Belanghebbende, X, is eigenaar van een vrijstaande villa met inpandige garage, tuinhuis, ondergrond en tuin gelegen in de gemeente Capelle aan den IJssel. De woning uit 1997 heeft een inhoud van 837 m³. Rechtbank Rotterdam verlaagt in beroep de WOZ-waarde 2009 van de woning van € 919.000 naar € 860.309. De heffingsambtenaar van de gemeente stelt hoger beroep in.

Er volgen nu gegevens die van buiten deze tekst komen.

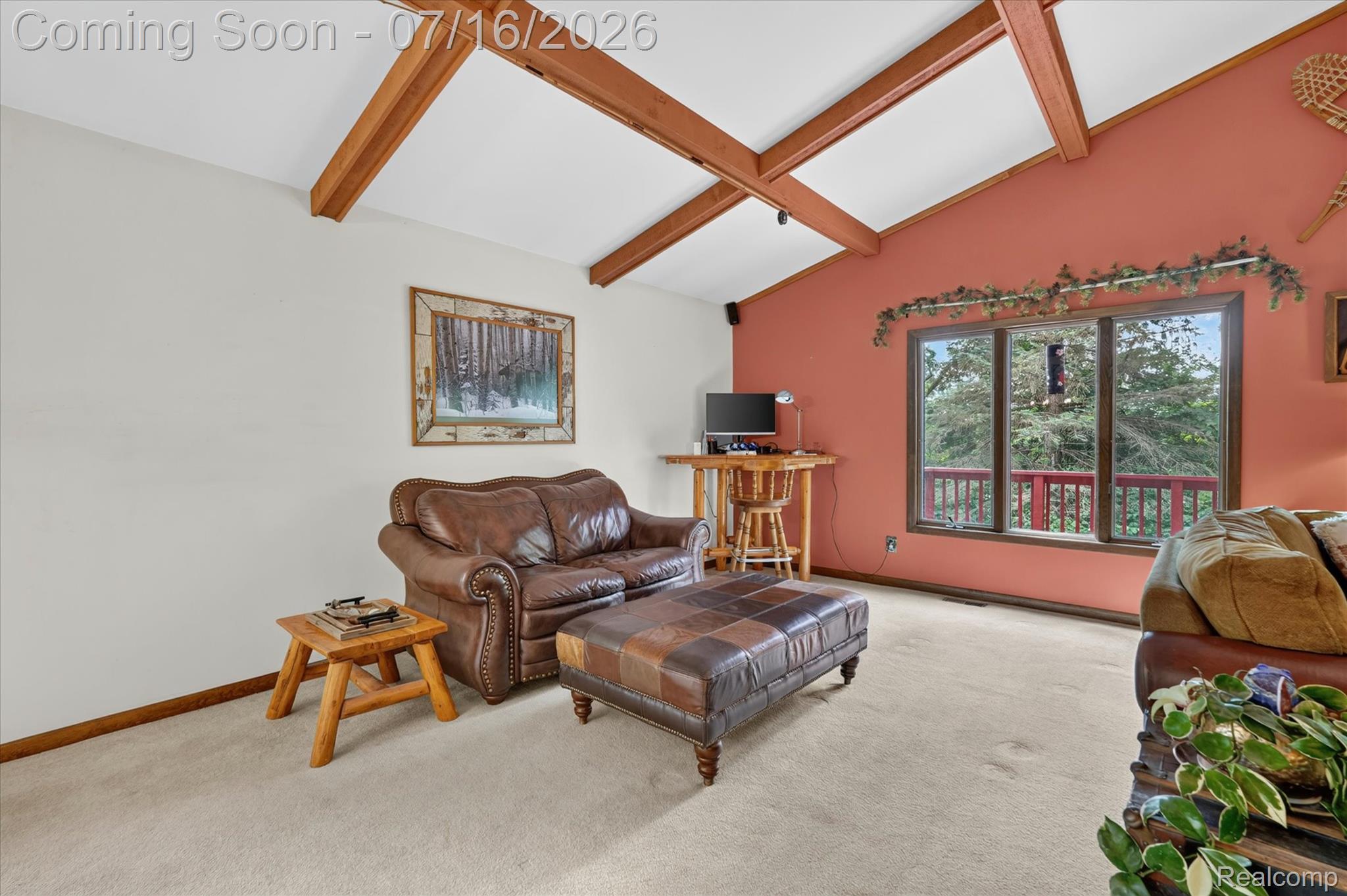 11210 Linden Road
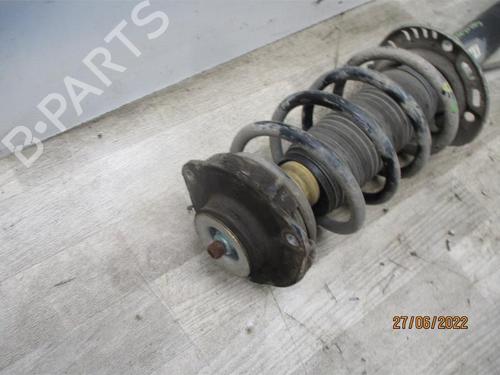 Right front shock absorber VW PASSAT B6 (3C2) 2.0 TDI 16V | BP25990590M17 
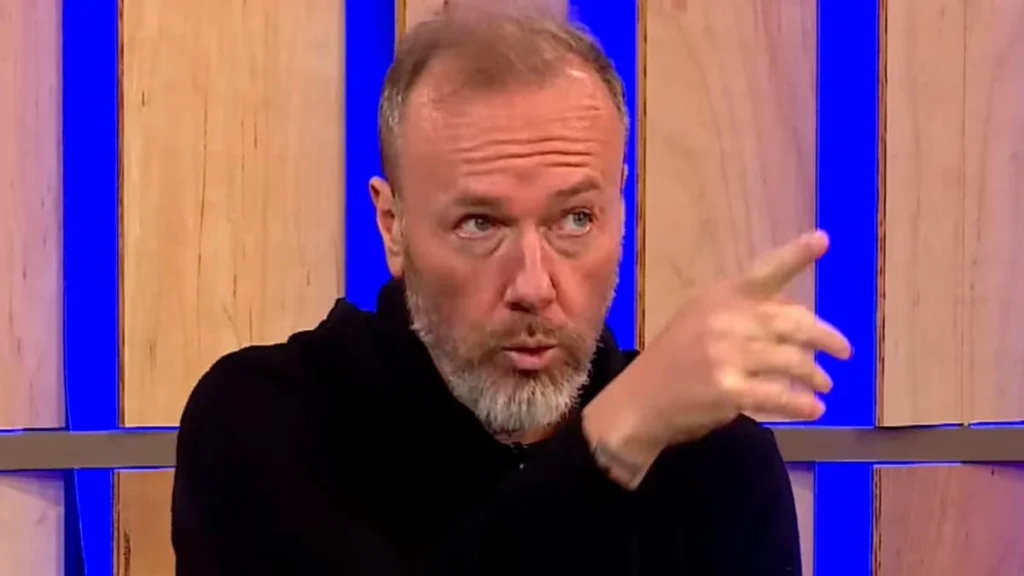 baldasso-j-errou-a-previso-sobre-o-campeo-gacho-de-2024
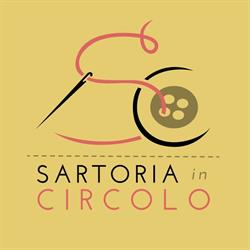 SARTORIA IN CIRCOLO - Corsi di Cucito, Sartoria e Modellistica a Firenze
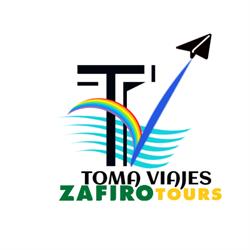 Toma Viajes | Zafiro Tours Sanlucar de Barrameda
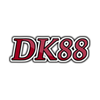 Avatar of DK88 COM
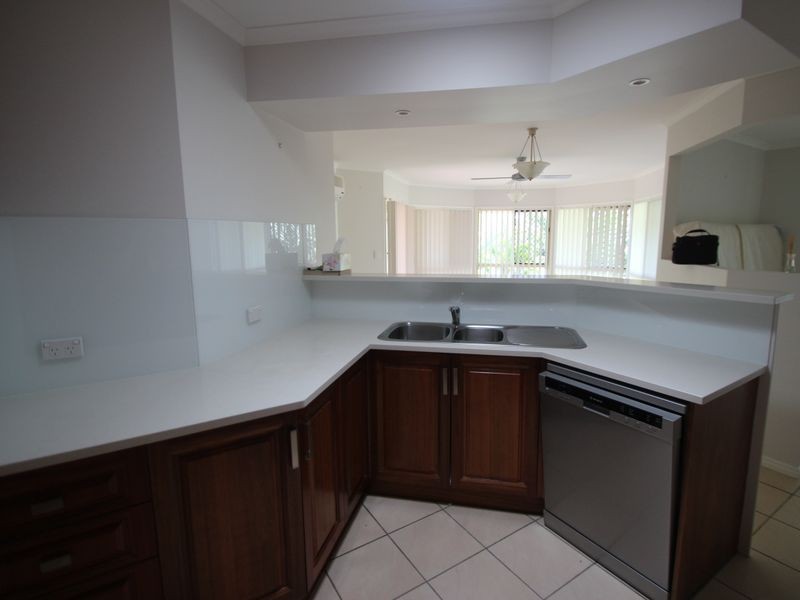 58-60 Palm Way, Dundowran QLD 4655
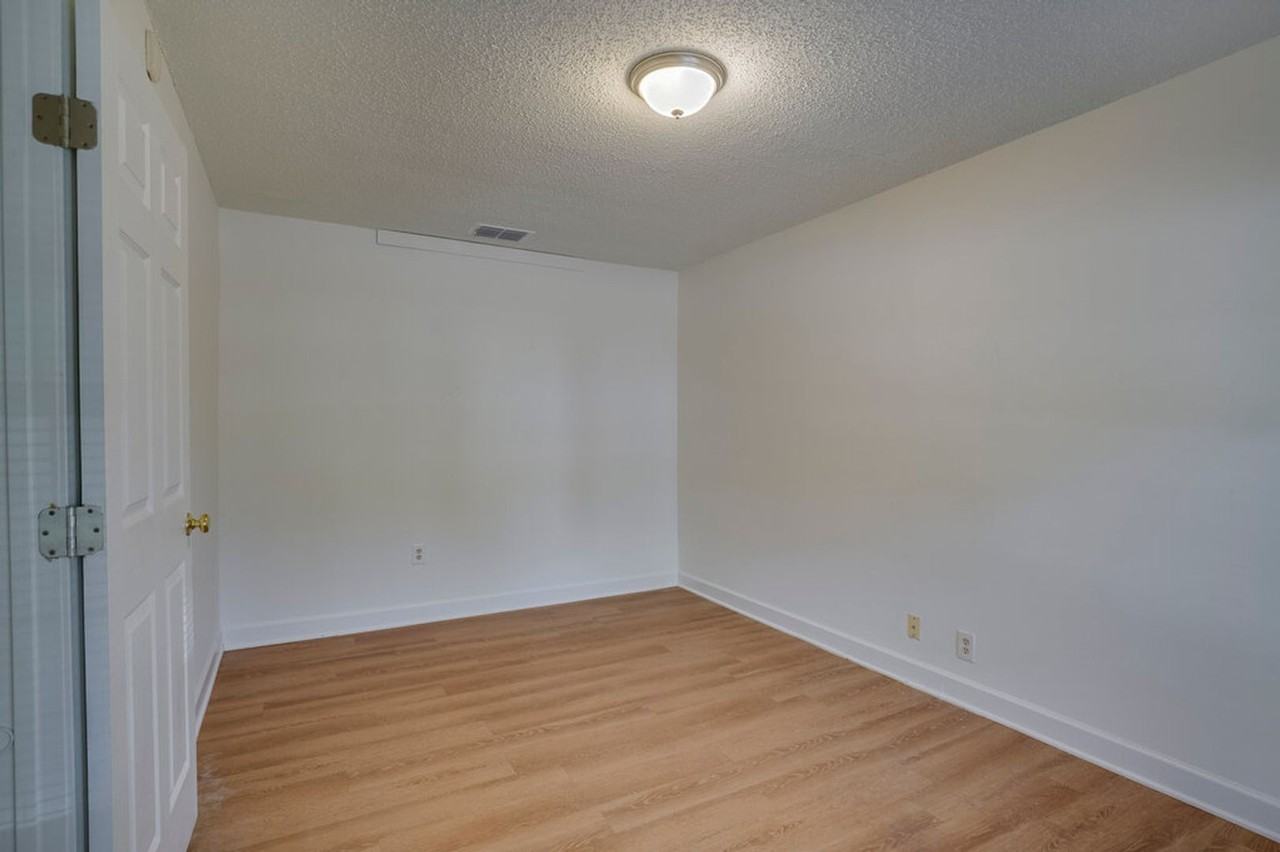 509 Treys Way #TRE - Photo 6 of 19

Hof 's-Gravenhage oordeelt dat de heffingsambtenaar er niet in is geslaagd aannemelijk te maken dat de WOZ-waarde van de woning € 919.000 moet bedragen. Het hof overweegt dat de waarde van de woning niet – zoals de heffingsambtenaar heeft gedaan – kan worden vastgesteld door de m³-prijs van een beduidend kleinere woning te extrapoleren naar de inhoud van de woning van X. Het hof acht aannemelijk dat ten aanzien van de woning sprake is van een afnemende meerwaarde per m³, althans dat naarmate de inhoud per m³ toeneemt de waarde in het economische verkeer per m³ afneemt door afnemend marginaal (woon)genot. De heffingsambtenaar heeft niet aannemelijk gemaakt dat hij hiermee voldoende rekening heeft gehouden. De heffingsambtenaar heeft daarmee niet aannemelijk gemaakt dat de waarde van de woning niet te hoog is vastgesteld. Het hof volgt de waarde die de rechtbank aan de woning heeft toegekend. Het hoger beroep is ongegrond.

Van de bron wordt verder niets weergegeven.